When I first opened my copy of LAMA, my kids were immediately drawn to the colorful artwork and the “funny” llama on the cover. So you’ve got to hand it to Amigo: they nailed the look of a game that will appeal to the whole family. But how far does that appeal extend?
How It Works
LAMA (which is a German acronym roughly translated “get rid of all your minus points”) is a card-shedding game for two to six players. Players try to play their hand of cards to get the fewest points. The player with the fewest points when the game ends wins.
To begin, the deck of cards is shuffled and a hand of six is dealt to each player. The top card of the deck is flipped up to become the discard pile. Players choose someone to go first and begin.
On a turn, a player may either play a card, draw a card from the deck, or fold, leaving the round.
To play a card, the player must play a number that is either the same or one higher than the current top card. (The llama card is equivalent to a 7, and a llama or a 1 can be played on a llama card.) If a player can’t or doesn’t want to play, they may draw the top card of the stack. If a player doesn’t want to play or draw, the player can leave the round, meaning they lose the opportunity to play cards but also are not forced to draw any more cards, which may add points to their score. If all players fold but one, that player may still play cards or fold but may no longer draw.
The round ends when either one player has played all their cards or all players have left the round.

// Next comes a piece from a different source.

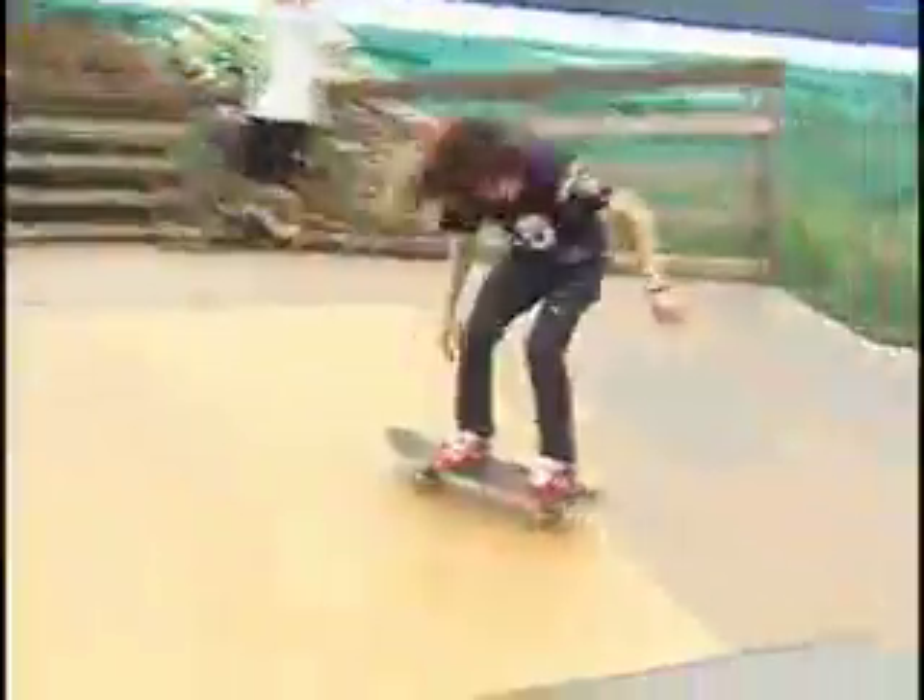Once you get the big spin flip down, just take it to your local skate park. Practice as much as you can. It takes a while, but once you get it down, just take it to your local spot.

All players who have cards in their hand score points for the face value, taking chips, but only once for each value (so, for example, three 3s is worth 3 points.) If a player plays all their cards, they may hand back one of their chips, which come in 1- and 10-point denominations.
The player who played the last card in a round begins the next one.

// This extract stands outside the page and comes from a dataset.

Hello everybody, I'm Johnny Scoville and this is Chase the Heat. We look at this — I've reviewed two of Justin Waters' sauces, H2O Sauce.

The game ends whenever one player has forty or more points at the end of a round. The player with the fewest points wins.
Points and Counterpoints
Small card games don’t usually attract a lot of attention, so I would guess that most people who are now interested in LAMA were likely introduced to it by its nomination for the Spiel des Jahres, the most prestigious award in board gaming. But for some of us, the designer’s name was enough to draw us hither: Reiner Knizia. I’m an unabashed fan of Knizia’s games, large and small, and while LAMA certainly has its charms and clever innovations, for me the package is too slight to become a favorite.
First, the charms. You might hear LAMA derisively compared to UNO, but LAMA has several clever innovations working in its favor. Like most of Knizia’s games, LAMA is all about risk: how much are you willing to risk for the prospect of getting rid of your worst cards? Because players may only play the same number or one higher, they have to evaluate the likelihood of being able to play their cards and the timing of when that play might happen.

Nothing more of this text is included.